For those wanting Verbal in hood mode, you've got "Hey mister". Okay, so perhaps this song isn't completely greazed out, but it is a hood banger with all your cliche's thrown in to guarantee a two-step from the thugs 'n crippers and some grinding from the ladies. "I want it all" follows on from "Hey mister" but takes on a decidedly darker one with its haunting chorals on the hook and ominous gangsta whistle. The song is pretty crap if truth be told. It sounds like a really bad knock off of MIMS' "This is why I'm hot". And Verbal brings nothing to the table lyrically.

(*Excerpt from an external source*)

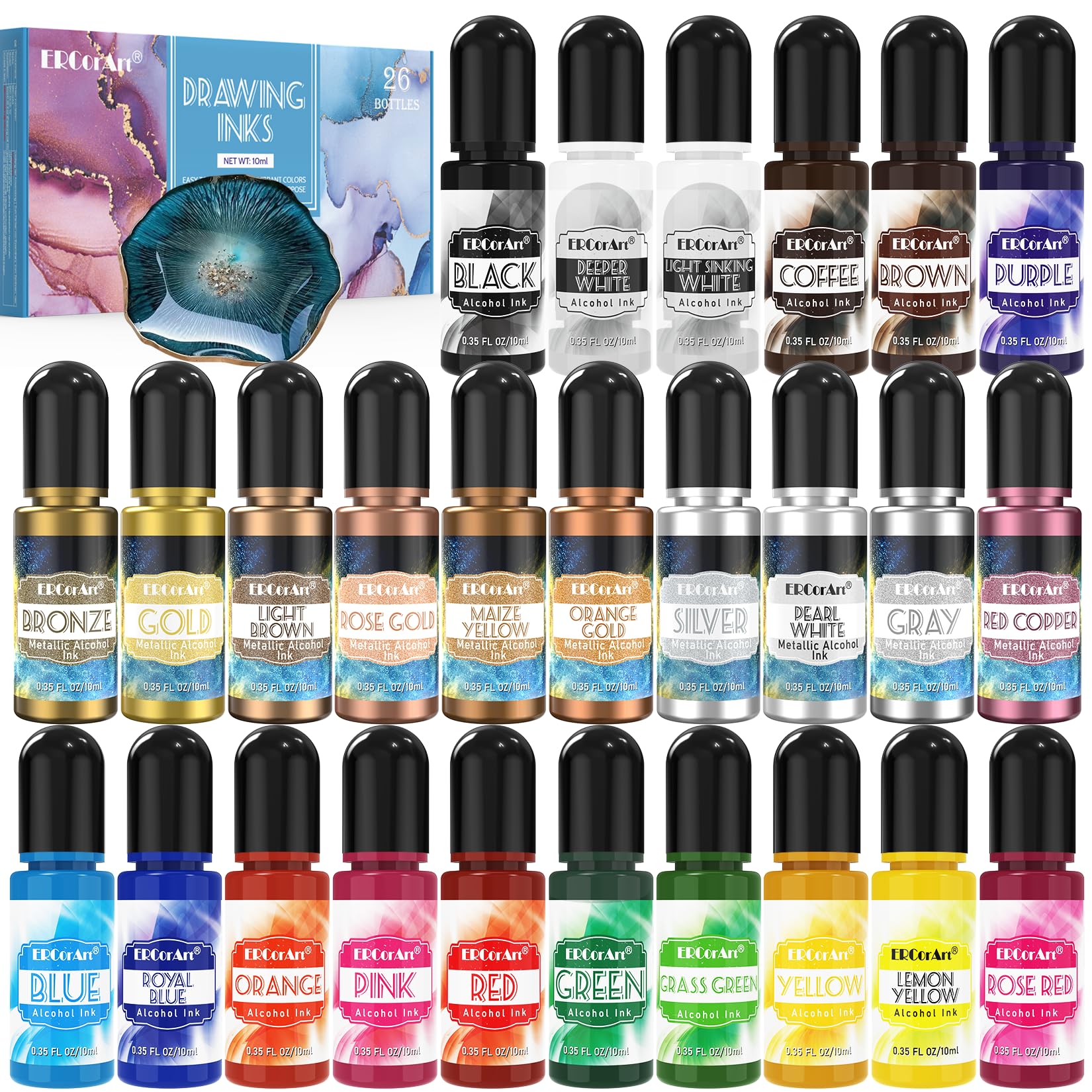 Alcohol Ink Set - ERCorArt 26 Vibrant & Concentrated Colours, Alcohol Inks for Resin, Art Painting, Resin Petri Dish Making, Tumbler Making - 10 ml/Bottle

"Liar" goes all 60's rock / funk 'n Tarantino soundtrack our arses. This song is every bit what you'd expect from Verbal as he has touched on this sound before. But for all of the energy and shimmy worthiness of the music, Verbal brings absolutely NOTHING to the song vocally. His vocals are affected to the point where he sounds completely distant and detached from the song. A wasted shot at a great song, because the music rocks. The guitars come out again for the folk influenced "Nothing", as do the vocal tweakings. But Verbal's laid back style works a heck of a lot better here than it does on "Liar" due to the folky kickin'-back-in-my-hammock-doing-f**k-all vibe of the song. It would have been nice to have heard him without the vocoder though, as it pushes him into the back of the song instead of having him come center and forward.

I have to hand it to Verbal. I thought I knew what to expect from this release after following his music as one half of M-Flo for so many years, but he completely blind sighted me with this release. Visionair is as eclectic and off the wall as many of M-Flo's albums - casually swinging from one song style to the next. But the track to track aural shifting doesn't feel as cohesive here as it does on any of M-Flo's releases. It causes Visionair to sound un-focused. Resulting in a really messy sounding album.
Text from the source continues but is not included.